Extracted material Block Start
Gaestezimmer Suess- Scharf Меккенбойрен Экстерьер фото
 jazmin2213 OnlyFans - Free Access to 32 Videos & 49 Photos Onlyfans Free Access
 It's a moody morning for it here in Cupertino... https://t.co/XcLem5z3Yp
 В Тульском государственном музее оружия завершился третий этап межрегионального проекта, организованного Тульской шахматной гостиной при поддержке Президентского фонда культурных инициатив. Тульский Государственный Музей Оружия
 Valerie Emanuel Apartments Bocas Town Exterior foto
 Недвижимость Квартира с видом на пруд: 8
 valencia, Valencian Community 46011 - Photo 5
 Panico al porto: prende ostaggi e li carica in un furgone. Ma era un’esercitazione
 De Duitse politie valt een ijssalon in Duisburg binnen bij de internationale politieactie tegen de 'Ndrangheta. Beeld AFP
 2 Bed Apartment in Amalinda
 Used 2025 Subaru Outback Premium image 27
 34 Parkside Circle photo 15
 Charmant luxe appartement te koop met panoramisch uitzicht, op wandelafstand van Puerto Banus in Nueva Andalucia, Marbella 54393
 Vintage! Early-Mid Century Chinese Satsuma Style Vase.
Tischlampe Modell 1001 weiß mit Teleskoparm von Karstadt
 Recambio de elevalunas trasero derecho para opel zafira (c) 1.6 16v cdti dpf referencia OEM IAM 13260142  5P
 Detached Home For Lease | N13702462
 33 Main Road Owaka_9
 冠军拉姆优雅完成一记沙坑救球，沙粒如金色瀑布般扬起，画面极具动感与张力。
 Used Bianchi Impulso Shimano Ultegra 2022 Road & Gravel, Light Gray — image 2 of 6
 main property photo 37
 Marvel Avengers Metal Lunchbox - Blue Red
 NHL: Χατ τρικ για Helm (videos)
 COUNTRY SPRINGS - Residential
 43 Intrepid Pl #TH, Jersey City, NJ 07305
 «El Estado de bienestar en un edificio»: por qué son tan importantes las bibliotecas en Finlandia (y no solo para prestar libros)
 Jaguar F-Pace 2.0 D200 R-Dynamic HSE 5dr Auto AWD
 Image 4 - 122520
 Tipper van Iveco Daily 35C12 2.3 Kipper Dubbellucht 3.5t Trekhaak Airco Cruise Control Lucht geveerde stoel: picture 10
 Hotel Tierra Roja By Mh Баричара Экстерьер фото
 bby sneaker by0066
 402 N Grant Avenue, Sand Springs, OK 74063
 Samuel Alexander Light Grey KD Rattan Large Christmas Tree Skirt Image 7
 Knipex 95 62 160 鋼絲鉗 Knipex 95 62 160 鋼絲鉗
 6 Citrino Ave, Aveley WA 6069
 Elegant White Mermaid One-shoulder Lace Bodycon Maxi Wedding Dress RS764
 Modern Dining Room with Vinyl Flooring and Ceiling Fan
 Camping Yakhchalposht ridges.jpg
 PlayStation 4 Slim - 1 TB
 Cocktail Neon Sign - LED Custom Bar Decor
Extracted material Block End
Work required
Scan the records above and show every line in which the word "Used" occurs.

Answer to this exercise
 Used 2025 Subaru Outback Premium image 27
 Used Bianchi Impulso Shimano Ultegra 2022 Road & Gravel, Light Gray — image 2 of 6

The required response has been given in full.